Días antes de la partida todos nos preparábamos entre los nervios y la ilusión, para participar en la peregrinación que estábamos organizando. Las circunstancias quizás nos despistaban un poco y nos hacían olvidar cuál iba a ser nuestra actitud durante el viaje, éramos conscientes de que íbamos de peregrinos, pero eso no lo íbamos a interiorizar hasta que nos viéramos dentro de la peregrinación misma.
Por fin llegó el día 7 y dos autocares con 106 jóvenes y algún que otro cura partieron con destino a Roma. Al día siguiente otros tantos (S. Jorge) lo harían con el mismo propósito.

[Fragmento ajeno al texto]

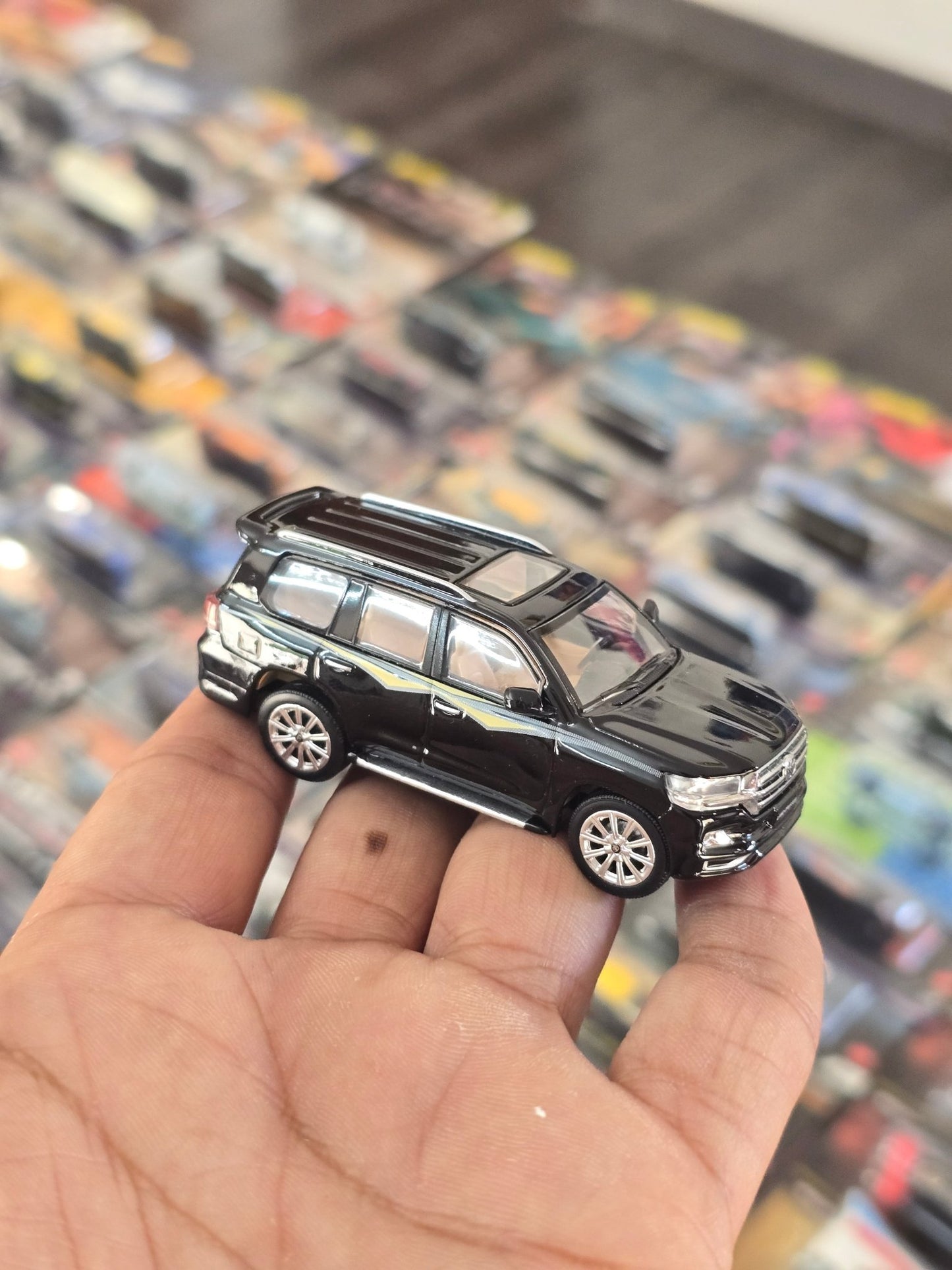 JKM 2016 Toyota Land Cruiser LC200 SUV (Open Box) - Kinder Logs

Las primeras jornadas fueron duras y cansadas, pero nos ayudaron para hacernos comprender que tendríamos que sacrificarnos un poco y no dejarnos llevar por la comodidad, puesto que nuestra condición no era la de turistas sino la de peregrinos, la oración comunitaria y la Eucaristía también contribuían a esto.
El día 9 llegamos a Florencia, no sin antes habernos perdido, pero esto ya no tenía importancia porque comenzaba a hacerse habitual. Todo el día siguiente lo dedicamos a disfrutar del arte que la ciudad ponía a nuestra disposición y por la tarde, con los pies un tanto "abatidos" por el trasiego, nos reunimos para celebrar la Eucaristía, aunque algún que otro despistado no lo pudo hacer por equivocarse de lugar de reunión. Iba a ser al día siguiente por la tarde cuando llegaríamos a Roma, siguiendo las pistas que Alfonsito y su autocar nos iban dejando como si del juego "En busca del tesoro" se tratara, pero por fin lo conseguimos y a las cinco estábamos reunidos en el castillo de S. Angelo por primera vez con el resto de los peregrinos que habían acudido a ganar el Jubileo. Todos juntos con antorchas y en procesión nos dirigimos a la plaza de S. Pedro, donde esperábamos con entusiasmo el saludo del Papa, y así fue, yo creo que estábamos tan entusiasmados que casi no nos dimos cuenta de las palabras que nos dirigió, pero sí comprendimos que nuestra peregrinación empezaba ahora a tomar un sentido concreto, nos uníamos en este momento y de una manera más viva y palpable a la Iglesia Universal y con ella íbamos a participar en la culminación del Año Santo de la a Redención: el Jubileo de los Jóvenes.
Los tres días siguientes de estancia en Roma fueron de gran actividad. Las mañanas estaban dedicadas a las reflexiones y Eucaristías, que junto con los jóvenes de habla hispana se celebraban en la basílica de S.Pablo sobre los temas de la alegría, la libertad... A todos nos sorprendió bastante la cantidad de participantes que éramos y nos sirvió para tomar conciencia de la responsabilidad tan grande que como cristianos tenemos ante las necesidades acuciantes que nos rodean, esperando nuestra firme respuesta. Era una lluvia de Gracia que estábamos recibiendo y no podíamos desaprovechar.
No menos impresionante fue el Via Crucis que el día 13 celebramos junto al Coliseo con la M. Teresa de Calcula. Rodeados de un gran silencio y una enorme multitud nos uníamos en oración y nos dábamos cuenta de que ésta debía ser el eje impulsor para llevar a cabo todo lo expuesto en las catequesis anteriores. El encuentro con el Papa al día siguiente, confirmaba todo esto y exigía de nuevo una respuesta personal de cada uno de nosotros.
La Eucaristía del Domingo de Ramos fue la culminación de nuestra estancia en Roma. Aquí ya no sólo jóvenes sino personas de todas las edades y nacionalidades celebramos el comienzo de la Semana Santa, con el gozo de haber ganado el Jubileo y dispuestos a celebrarla plenamente, ahora con más motivo que nunca.
Pero la peregrinación no había terminado y quedaba el camino de regreso en el que no puedo dejar de citar la estancia en el pueblo de Asís. Después de las grandezas de Pisa, Florencia, Roma y de sus enormes multitudes, la sencillez y la belleza de Asís nos llevaban hasta la persona de S. Francisco que aquí cobraba todo su sentido, haciéndonos comprender que las grandes obras no se pueden llevar a cabo si no salen de un corazón humilde y sencillo como era el de este Santo.
El resto del regreso y el viaje en barco sirvieron para ir asentando todo lo que de golpe habíamos recibido, para darnos cuenta de que ahora continúa nuestro peregrinar y que todo lo vivido no sirve para nada si no se concreta en una respuesta personal que el mismo Papa espera de nosotros y a la que Dios a través de él, nos ha llamado: "Abrid las puertas al Redentor" y dejad que Él os cambie el corazón.